With all due respect to those positing much higher yields as a real risk given the hunky-dory view of the world from the large corner suite, we remain as mired in economic inequality as ever. With all of the threats that portends. And anxiety levels have not abated. I couldn’t care less what some statistic that anyone wishes to cite claiming that it isn’t true.

Dr. Lawrence Summers wrote an interesting article that is running today on the Bloomberg terminal. In it, he lays out the challenges political leaders must overcome to preserve in whole, or at least mostly, the post-war global Western hegemonic order.

In truth, we are sliding further and further away from achieving any of those goals. Suddenly locking in 3 percent yields doesn’t seem so counterintuitive.

Equities can go to the moon. With the sovereign wealth funds picking winners and losers among supposed competitors and putting public monies behind their choices, how far down is big tech really going to go? On the day that Apple hit its valuation milestone, I was looking at the list of owners of the shares and suddenly wasn’t nearly as impressed.

Buying back shares, touting “adjusted earnings” and substituting M&A for actual investment makes these markets great investments, but hardly indicative of economies putting the thoughts of future recessions out of everyone’s minds.

There were three stories I read yesterday that really got me going.

A great read about a well-deserved victory lap by Morgan Stanley for having called a month ago the big-tech correction. In it they say that, after making the out-of-consensus prediction, their phones “were not ringing”. Apparently, the pull of confirmation bias precluded clients from wanting to hear another opinion. Is it true that you can’t be fired if you maintain that everyone you talked to agreed with the position? Anyway, as the sell-off took place, “inbound traffic picked up considerably”. This story is indicative of so much.

The second story was about Facebook wanting to team up with banks and share information to offer customer-service products. The shares of the company and the financial sector as a whole rose. How quickly we all forget. I know the first question I would ask the next time a banking regulator testifies that we are being too harsh.
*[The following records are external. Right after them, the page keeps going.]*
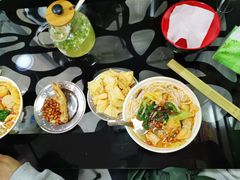 -笋果坊螺蛳粉(竹园小区店)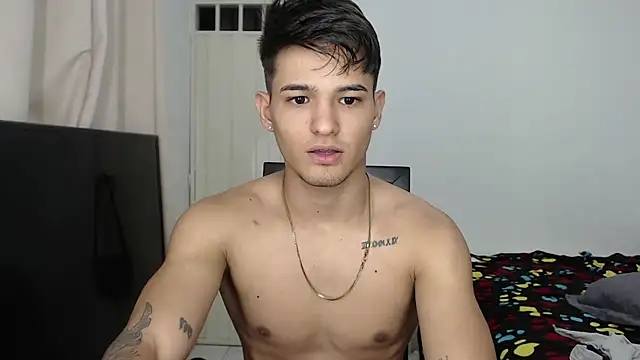 Alex mojica online show from September 20, 2025, 9:25 am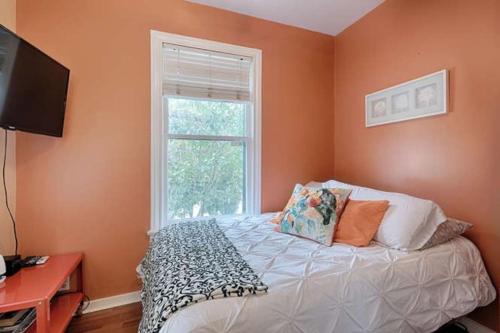 Centrally located Cozy Tiny Loft, Near ACL, SXSW, Zilker, 6th Street, Austin, Texas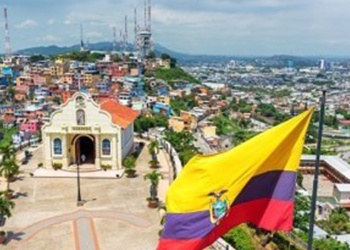 Guillermo Lasso, presidente de Ecuador autorizó el uso de armas de fuego en el país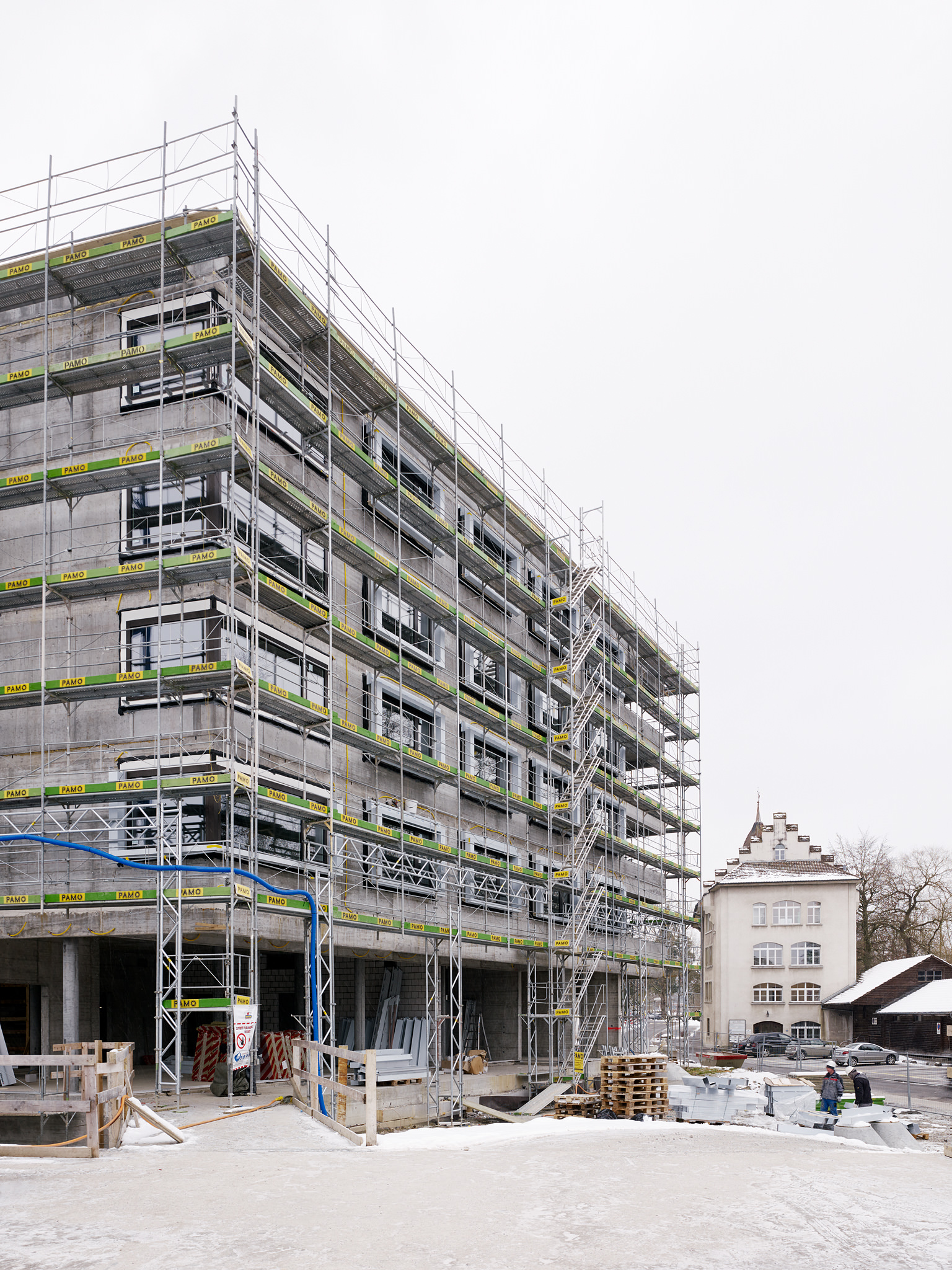 E15541 Alpa 049128 SCREEN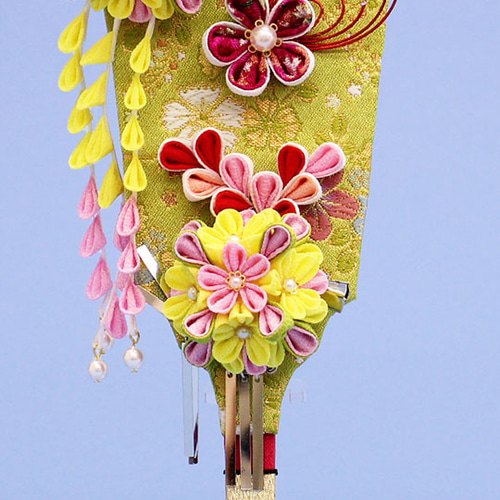 金襴や縮緬を使用した、つまみ細工の簪羽子板 ナチュラル アクリル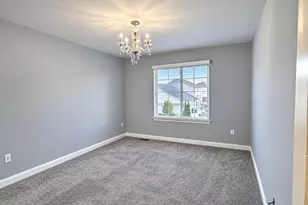 5675 Gregory Dr, Shelby Twp, MI 48317 - Photo 12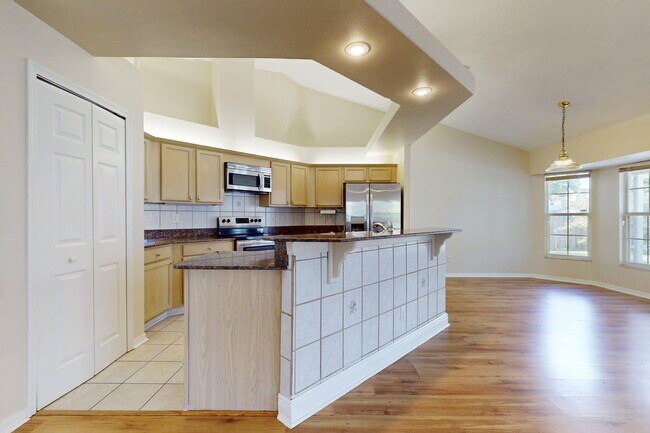 Building Photo - 967 SE Browning Ave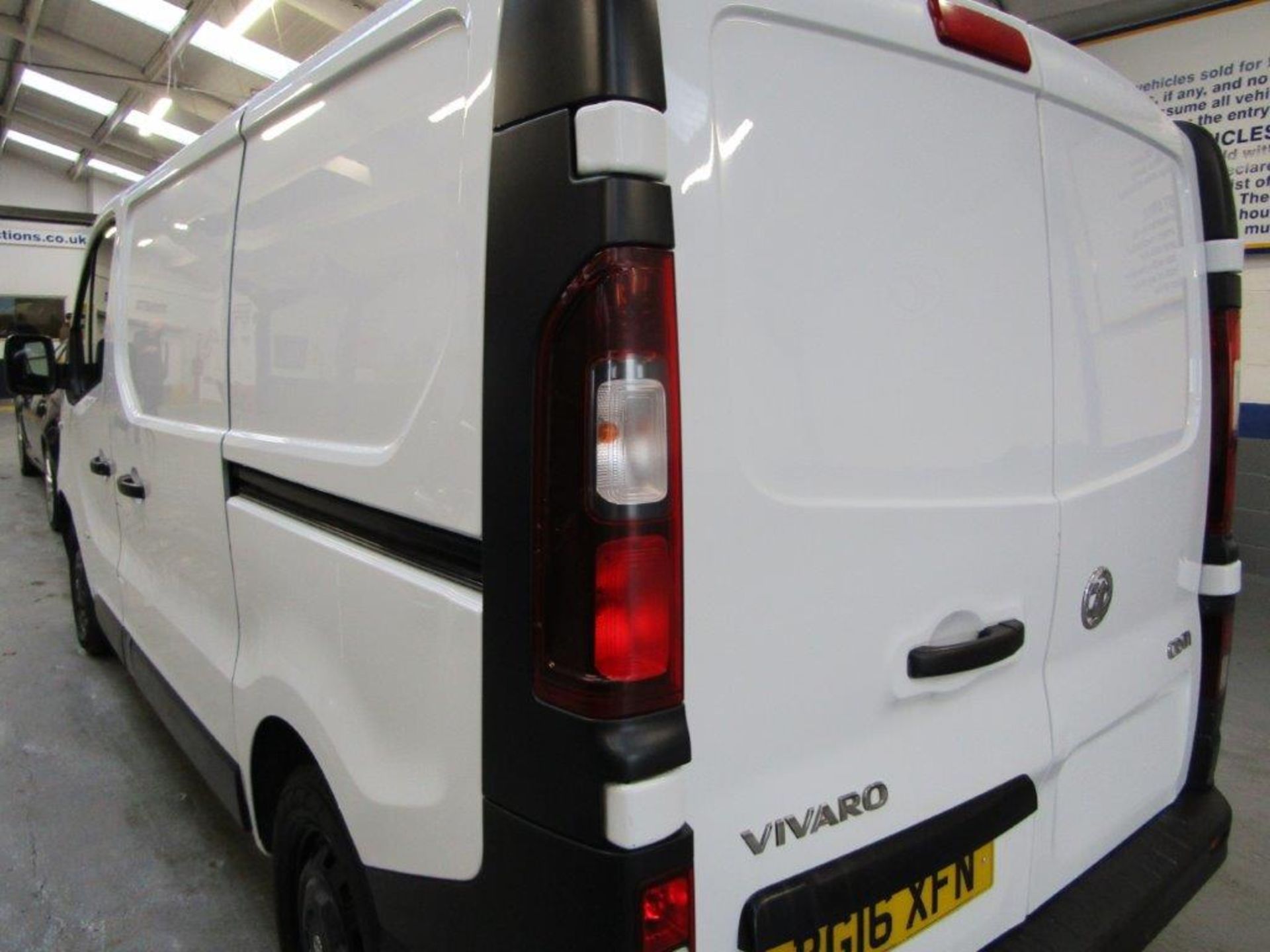 16 16 Vauxhall Vivaro 2900 CDTI - Image 7 of 17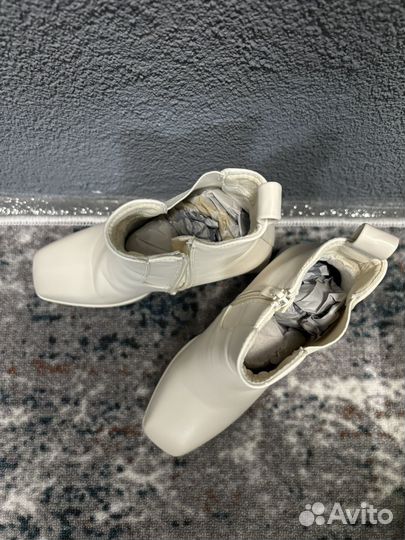 Полусапоги женские в стиле 70х молочные 38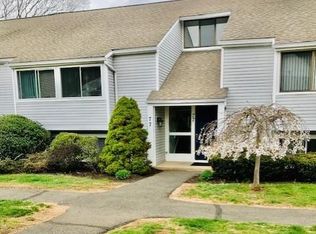 77 Brookwood Dr APT B, Rocky Hill, CT 06067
Lastly, I was reading the gruesome accounts of the diplomatic blow-up between Canada and Saudi Arabia. It was appalling that so much of the analysis focused on what this could cost in trade. Concluding, it was affordable. I’m sure this is not what Keynes meant when he argued about the primacy of economics in guiding the world forward.

Since it has been a day of rethinking things, I’ve got another. As one dollar bull to another. The charts just won’t be convinced this thing is going anywhere anytime soon. The trading range of DXY, with its multiple tops, is just too compelling to ignore.

And the broader Bloomberg Dollar Index looks like it has already decided the rally has played out for now. Back to the drawing board.